A su llegada, los vítores ascendieron hasta alcanzar una intensidad frenética y, después, descendieron de pronto sumiéndose en un silencio sobrecogedor que resonaba en los oídos con más fuerza que los gritos. Muchos, entre la multitud, se dejaron caer de rodillas y se postraron sobre la tierra. Aquellos que no podían moverse debido a la presión de la masa extendieron sus brazos implorando en silencio la bendición del sacerdote. Feisal la impartía, volviéndose primero hacia un lado y después hacia el otro, desde su elevada posición en el gran carruaje con ruedas. Varios altos sacerdotes se erguían con gesto orgulloso a sus flancos. Una horda de sacerdotes-soldados marchaba en torno a las ruedas de la carroza mirando con ferocidad y recelo a la venerante multitud.

Volviendo la mirada hacia Auda, Khardan vio que su rostro, habitualmente impasible, estaba grave y pensativo, y adivinó que el Paladín estaría imaginando la mejor manera de penetrar aquel cerco de acero y fanatismo. Sin embargo, no parecía perturbado ni amedrentado por lo que veía; sólo pensativo.
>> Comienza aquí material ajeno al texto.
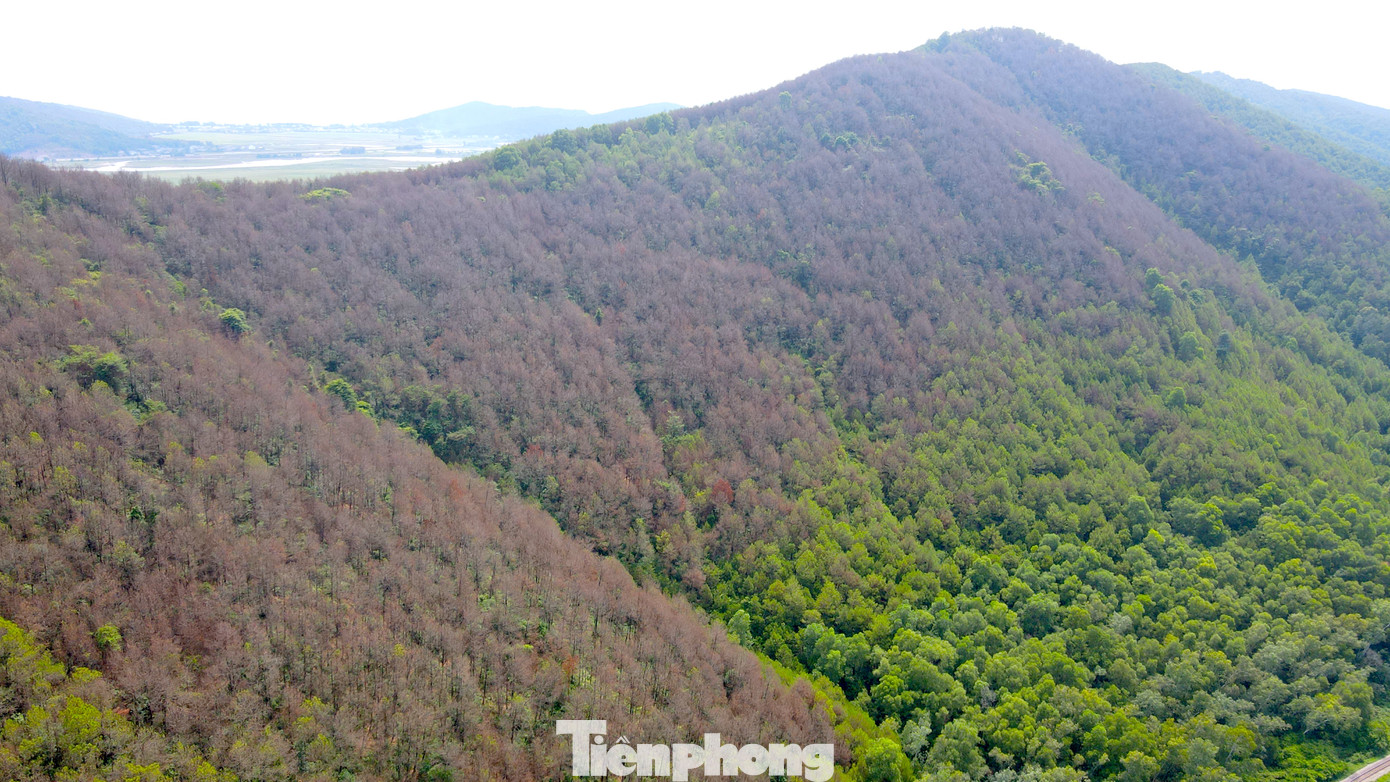 Có hơn 750ha rừng thông trên địa bàn huyện Nghi Lộc đã bị sâu róm cắn phá.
«Probablemente habría que dejar todos los detalles mundanos, tales como esquivar un millar de espadas, en manos de su dios», pensó con amargura Khardan y volvió de nuevo los ojos hacia el imán justo al tiempo que éste volvía los suyos hacia él.
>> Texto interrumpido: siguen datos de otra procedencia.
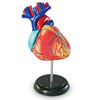 Heart Model 12.5cm - by Learning Resources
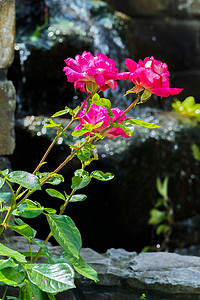 绿色的气味摄影照片_一丛美丽的嫩玫瑰，花瓣美丽，细长的茎上有刺，散发着迷人的气味。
Khardan se estremeció de la cabeza a los pies. No es que hubiese sido reconocido. Eso debía de ser imposible con miles de rostros rodeando al imán. No, el escalofrío lo causó la mirada de aquellos ojos, la mirada de alguien poseído en cuerpo y alma por una pasión devoradora, la mirada de alguien que ha sacrificado su razón y su cordura a la llama consumidora del fervor sagrado. Era la mirada de un hombre demente que está demasiado cuerdo, e infundió terror en su corazón, pues Khardan comprendió que su gente estaba condenada. Aquel hombre vertería su sangre en un cáliz de oro y se lo ofrecería a su dios sin el menor escrúpulo, creyendo firmemente que estaba haciendo un favor a los inocentes masacrados.
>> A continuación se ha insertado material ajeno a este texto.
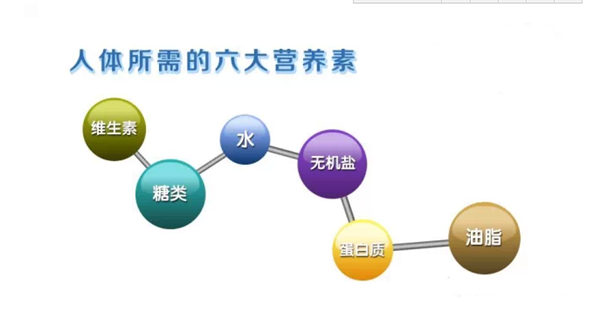 蛋白质过多会中毒或死亡?赶紧吃个鸡蛋补充蛋白质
El imán pasó de largo y el terror se desvaneció de la mente de Khardan, sólo para dar paso a la desesperación. La multitud comenzó a volverse y seguir a la procesión, que al parecer se proponía serpentear por las calles de la ciudad antes de devolver al imán a su templo. Los soldados del amir se retiraron cuando el sacerdote hubo pasado a salvo ante la muchedumbre. Khardan y sus compañeros fueron arrastrados tras él por las masas.

—¡Tenemos que salir de aquí! —voceó Khardan a Auda, quien asintió con la cabeza.

Enlazando sus brazos, el Paladín y el califa juntaron sus hombros entre sí formando un escudo con sus cuerpos en torno a Zohra y Mateo. Se defendieron de los empujones a golpes y patadas y lucharon con denuedo por abrirse camino hacia una tranquila calle lateral o uno de los rincones de las murallas de la Kasbah.

El pesimismo descendía sobre Khardan como una enorme ave de presa, desgarrando su corazón y cegándolo con sus negras alas. Aunque repetidamente se había dicho a sí mismo que venían sin esperanzas, ahora se daba cuenta de que, en realidad, había sido arrastrado por la fuerte ola de la más obstinada de todas las emociones humanas. Ahora la esperanza lo estaba abandonando de verdad, sin dejar más que vacío dentro de él. Los brazos le dolían, la cabeza le latía con el ruido, y el hedor le estaba empezando a producir náuseas. El único deseo de su corazón era dejarse caer al suelo y que la multitud lo pisoteara hasta el olvido; sólo su preocupación por quienes dependían de él y el firme aferramiento de Auda contra su hombro lo hicieron seguir adelante.